▸ **Task inputs**:
»»
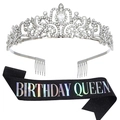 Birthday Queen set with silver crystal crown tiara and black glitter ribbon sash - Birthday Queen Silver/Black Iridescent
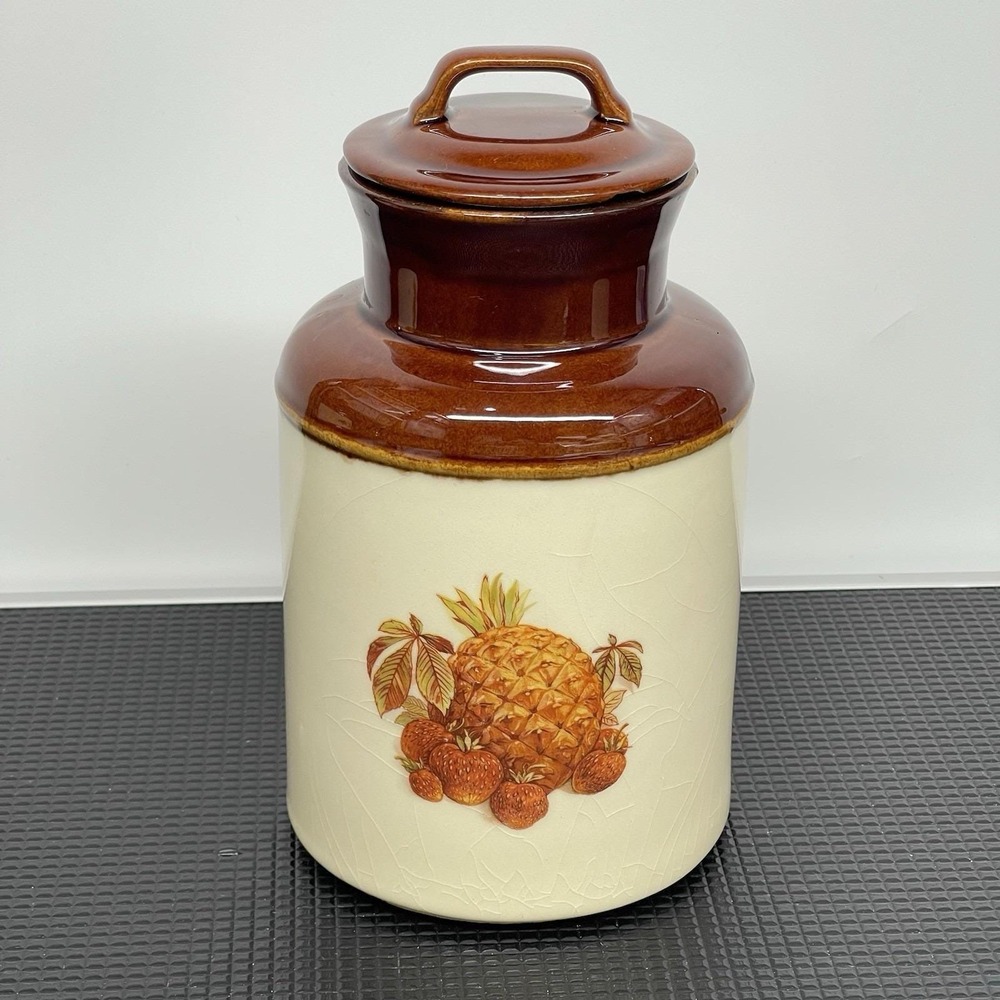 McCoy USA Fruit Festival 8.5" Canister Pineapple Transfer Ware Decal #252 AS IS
««
»»
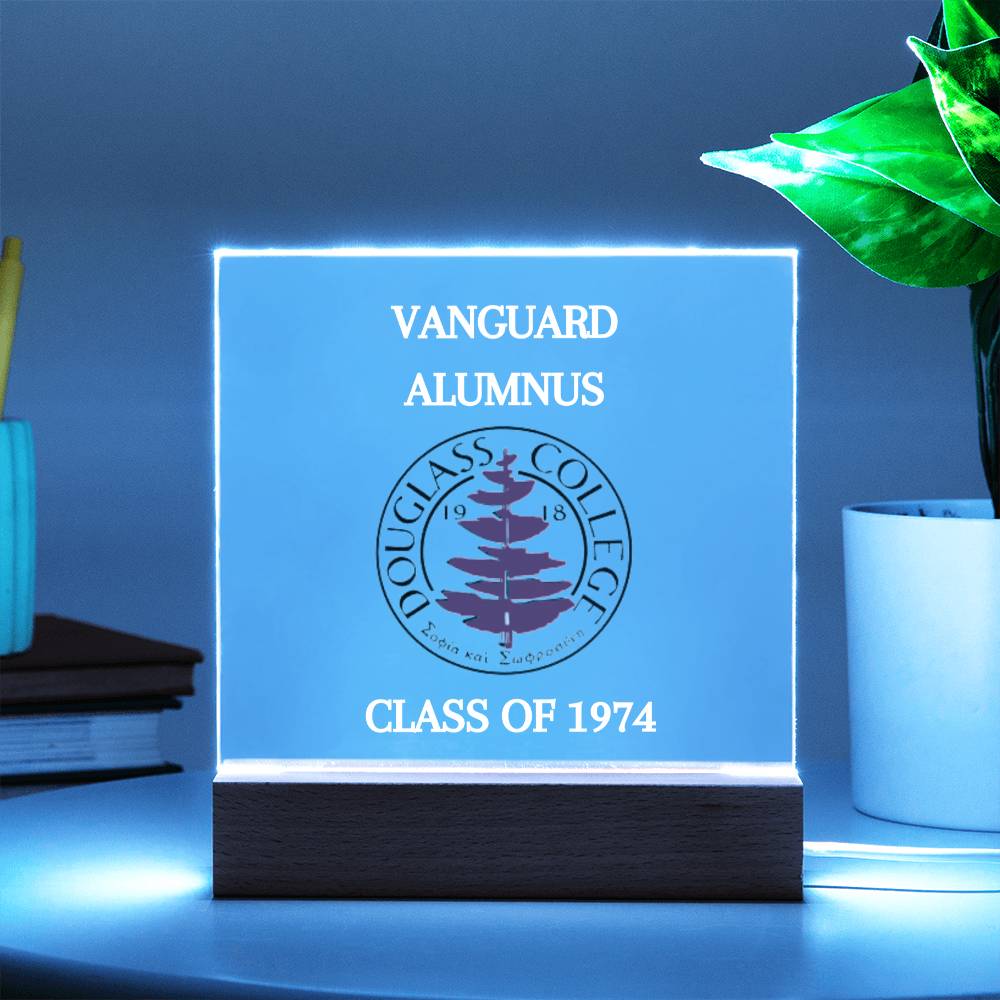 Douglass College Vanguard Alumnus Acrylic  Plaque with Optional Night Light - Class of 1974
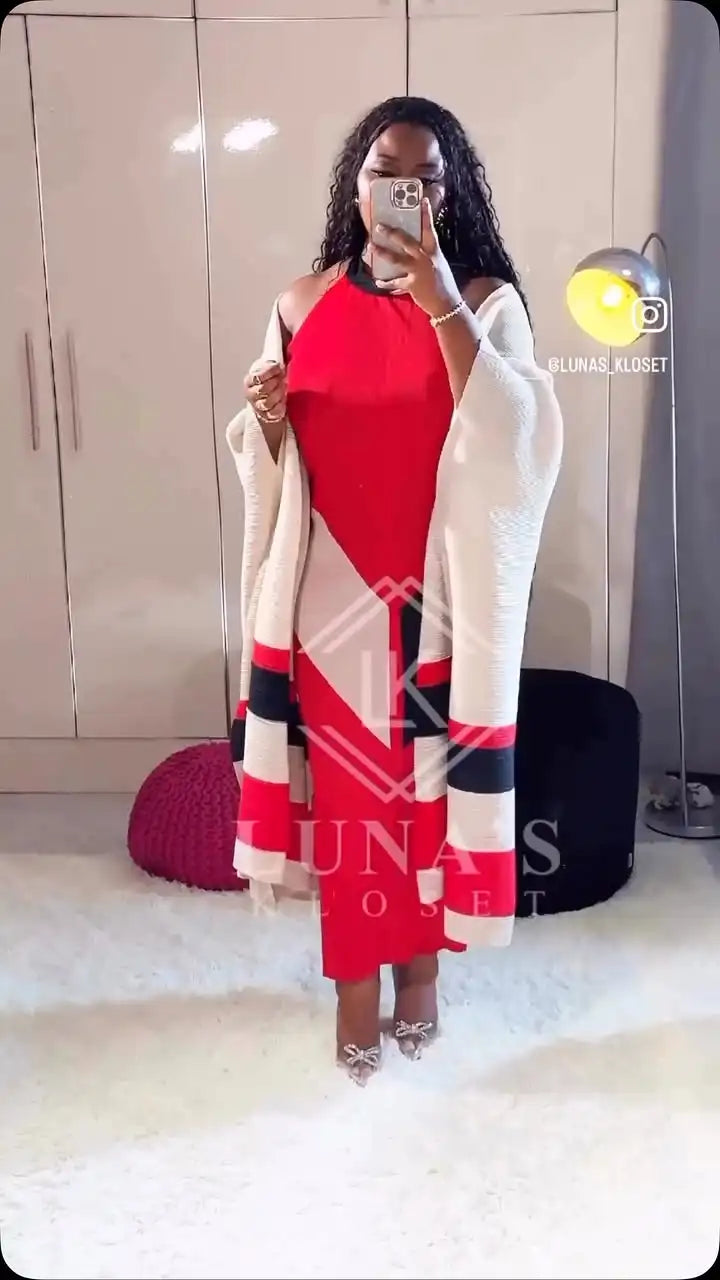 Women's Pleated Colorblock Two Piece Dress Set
««
▸ **Problem details**: Retype the lines above exactly as they appear, from the line containing "Birthday Queen set" through the line containing "McCoy USA Fruit", and leave out any pictures.

▸ **Result**:
 Birthday Queen set with silver crystal crown tiara and black glitter ribbon sash - Birthday Queen Silver/Black Iridescent
 McCoy USA Fruit Festival 8.5" Canister Pineapple Transfer Ware Decal #252 AS IS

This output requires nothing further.